The Navier-Stokes equations (mass, momentum, and energy continuity. equations for fluids) can describe phenomena ranging from a stirred cup of coffee to the earth's climate. Predicting the fluid flow is challenging even with the complete knowledge of initial conditions. Numerical algorithms require massive parallelization to be of use and there are pesky numerical instabilities. I studied the driven lid cavity problem (think of a 2D box stirred from the top edge) for my MSc thesis using the Lattice Boltzmann method (LBM). LBM is a numerical scheme stemming from kinetic theory using a discretized version of the Boltzmann equation with an ad-hoc collision operator defined to emulate fluid behavior. Since it only uses array movements and arithmetic operations, LBM is economical in the low Reynolds number regime where the LBM approximation is more faithful.

Quantum Mechanics

Deriving the spectrum and the orbitals of the Hydrogen atom by applying the series solution method to the Schrodinger equation is a long process. The operator method (see section 6.2 of Principles of Quantum Mechanics, David Skinner, is also much work. We can use the finite difference approximation to get a feel for the solutions numerically. In one-dimension, the second derivative can be approximated as a difference, and the Schrodinger equation equates to a matrix eigenvalue problem after discretizing the potential. This formalism can easily be extended to three-dimensions using tensor products to solve the Hydrogen atom and the three-dimensional harmonic oscillator:
Hydrogen Atom
Harmonic Oscillator

Chaos in the Lorenz Attractor System

The Lorenz system arose in a simplified description of atmospheric convection and is, probably, the best-known example of a chaotic system. This system is defined by the following differential equations: $$ \frac{dx}{dt} = \sigma \left( y - x \right),$$ $$ \frac{dy}{dt} = x \left( \rho - z \right) - y \text{ , and, } $$ $$ \frac{dz}{dt} = xy - \beta z.$$ \( \alpha, \beta, \) and \( \sigma \) are constants.

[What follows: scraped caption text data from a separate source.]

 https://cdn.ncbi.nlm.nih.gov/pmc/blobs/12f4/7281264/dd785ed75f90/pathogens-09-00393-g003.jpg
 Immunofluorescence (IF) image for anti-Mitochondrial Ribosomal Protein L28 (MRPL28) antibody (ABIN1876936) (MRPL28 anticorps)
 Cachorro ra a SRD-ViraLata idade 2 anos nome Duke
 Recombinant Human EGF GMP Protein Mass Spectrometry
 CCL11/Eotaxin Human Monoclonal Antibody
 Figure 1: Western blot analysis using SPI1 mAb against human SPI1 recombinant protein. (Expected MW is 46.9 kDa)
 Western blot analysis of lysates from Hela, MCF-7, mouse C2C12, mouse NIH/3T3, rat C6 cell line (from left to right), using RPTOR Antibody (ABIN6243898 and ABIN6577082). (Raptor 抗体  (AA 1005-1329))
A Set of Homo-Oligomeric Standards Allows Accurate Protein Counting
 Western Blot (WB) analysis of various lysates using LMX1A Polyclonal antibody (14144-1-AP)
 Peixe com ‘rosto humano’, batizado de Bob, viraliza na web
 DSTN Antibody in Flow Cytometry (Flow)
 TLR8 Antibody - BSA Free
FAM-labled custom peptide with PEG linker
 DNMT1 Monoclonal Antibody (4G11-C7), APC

The defining property of chaotic systems is that approximate initial conditions cannot predict approximate futures whereas exact initial conditions can predict exact future. The popular notion of the butterfly effect (the flap of a butterfly's wing later developing into a tornado) is a metaphorical version of this phenomenona of sensitive dependence on initial conditions. To this romanticization's merit, the shape of the solutions of the Lorenz system also resembles a butterfly.

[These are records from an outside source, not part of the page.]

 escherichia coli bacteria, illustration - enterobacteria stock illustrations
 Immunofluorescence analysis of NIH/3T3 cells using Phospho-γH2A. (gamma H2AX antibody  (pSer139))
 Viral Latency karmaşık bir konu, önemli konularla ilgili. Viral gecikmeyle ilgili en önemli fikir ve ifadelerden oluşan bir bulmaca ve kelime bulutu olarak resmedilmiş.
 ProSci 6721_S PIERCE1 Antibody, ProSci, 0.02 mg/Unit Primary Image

A particle cloud of \( N = 1000 \), points starting about \( [1, 1, 1] \), is integrated this way. You can see how quickly these particles (red dots) diverge from the solution for the starting point \( [1, 1, 1] \) (golden curve).

Patent Landscape Study of Quantum Technologies

In 2021, I wrote a patent landscape study report for Relecura Technologies, analyzing around 50k patents in quantum technologies using natural language processing tools, aimed at policymakers and investors.

Quantum Technologies: A Review of the Patent Landscape, Mathew Alex, 2021.